‘Political Science is a Democratic One’
The Higher School of Economics and Bologna University have signed an agreement on cooperation. Giliberto Capano, Dean of the Bologna University Faculty of Political Science, told us about some future joint educational and research projects and about the connection between a democratic political system and political science development.
—What goals did Bologna University pursue when signing an agreement with the Higher School of Economics?
—Our universities have many mutual interests. For example, we want to develop joint research in the area of public policy. The HSE Department of Public Policy has existed for 10 years, as has the Bologna University Center for Public Policy Studies. And that is taking into account that Bologna University is the oldest in Europe:it has been founded in 1088. Our university is one of the best in Italy, and the HSE is one of just twelve research universities in Russia and the only one active in the area of social sciences. I think that collaboration between two such universities will be useful not only for students, but for teachers as well.
—What are the prospective areas of partnership in education and research?
—The main areas are Slavic studies, linguistics, economics and public policy. We are planning to create student and teacher exchange programmes and to develop a double degree programme linking the Bologna University Faculty of Political Science and the HSE Department of Public Policy. And of course we intend to develop mutual research programmes.
—Could you give more detail on the double degree programme?
—It will be a joint Master’s programme in public policy and globalization. Most probably, students will spend the first year in one country, and the second in another. The next step is to write a programme, form a schedule and, most importantly, to organize a dialogue between the two bureaucratic machines.
—In your opinion, would Italian students be interested in participating in these types of programmes?
—At my faculty there are very strong baccalaureate and Master’s programmes in international relations, which are highly regarded in Italy. Currently, International relations students study four foreign languages, i.e. English, French, German and Spanish. Several years ago we started teaching Russian as well. Now dozens of Italian students are learning this language. They are interested in Russia, its culture and politics. I think that some of them will certainly be happy to exploit this opportunity to visit Russia
—I think that it mightl be interesting for our readers to understand how Russian political science looks when viewed from an Italian university.
—I am quite familiar with the international political science community and, in general, Italian political scientists are very well integrated into it. I am one of the 16 members of the International Political Science Association Executive Committee, another Italian is its President, and one more Italian is President of the European Association for Political Science. As far as I can see, Russian political science is not very well known in the world. Only a few Russian political scientists have established international contacts and publish their works in international journals. This means that Russian political science is unfortunately in its infancy. Russian political scientists like to be published in their local journals and are satisfied with recognition only in their country. This is very sad. Russia is a big country with rich cultural and scientific traditions, and it is very important for the international political science community to have Russian colleagues involved in the international context.
—Is such a situation, from your point of view, specific only for Russia?
—No, something similar took place 20 –25 years ago in Italian political science. Then we were very weakly integrated in international context. And the first to suffer from this situation are the students.
—In your view, what are the reasons for that?

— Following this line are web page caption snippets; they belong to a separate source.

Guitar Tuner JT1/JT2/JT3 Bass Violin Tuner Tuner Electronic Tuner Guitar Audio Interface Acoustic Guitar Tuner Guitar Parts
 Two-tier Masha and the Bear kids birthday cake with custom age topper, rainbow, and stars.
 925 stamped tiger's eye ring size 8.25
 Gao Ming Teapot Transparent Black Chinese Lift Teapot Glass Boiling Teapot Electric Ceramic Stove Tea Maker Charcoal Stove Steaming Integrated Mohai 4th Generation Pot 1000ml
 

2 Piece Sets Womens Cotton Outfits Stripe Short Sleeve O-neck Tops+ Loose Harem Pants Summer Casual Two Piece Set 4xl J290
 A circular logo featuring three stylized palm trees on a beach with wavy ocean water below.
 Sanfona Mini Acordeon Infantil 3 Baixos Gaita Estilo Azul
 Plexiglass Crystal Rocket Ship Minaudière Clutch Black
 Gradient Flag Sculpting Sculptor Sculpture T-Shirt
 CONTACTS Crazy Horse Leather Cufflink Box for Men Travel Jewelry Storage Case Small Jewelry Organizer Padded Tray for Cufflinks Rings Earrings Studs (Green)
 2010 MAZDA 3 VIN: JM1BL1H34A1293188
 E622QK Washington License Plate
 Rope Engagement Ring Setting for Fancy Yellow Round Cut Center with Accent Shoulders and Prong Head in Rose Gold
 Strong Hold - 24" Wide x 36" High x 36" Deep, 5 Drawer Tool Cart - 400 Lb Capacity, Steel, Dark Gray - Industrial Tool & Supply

—I believe that the level of political science development reflects the democratic development level in a country. Political science is a democratic one, and it demands a democratic political system for its existence. For example, if you are an American or European political scientist, you have a typology:a spectrum of political regimes from democracy to authoritative regime. In a non-democratic political system you wouldn’t be able to say anything;you would be under the pressure of ideology and some abstract principles. It would therefore be very hard to do comparative political science in an authoritarian system. Besides, if democratic institutions do not exist in a country, there are no free elections, which means a political scientist has nothing to study. Often the only thing that is left for him to do in such a situation is to repeat slogans.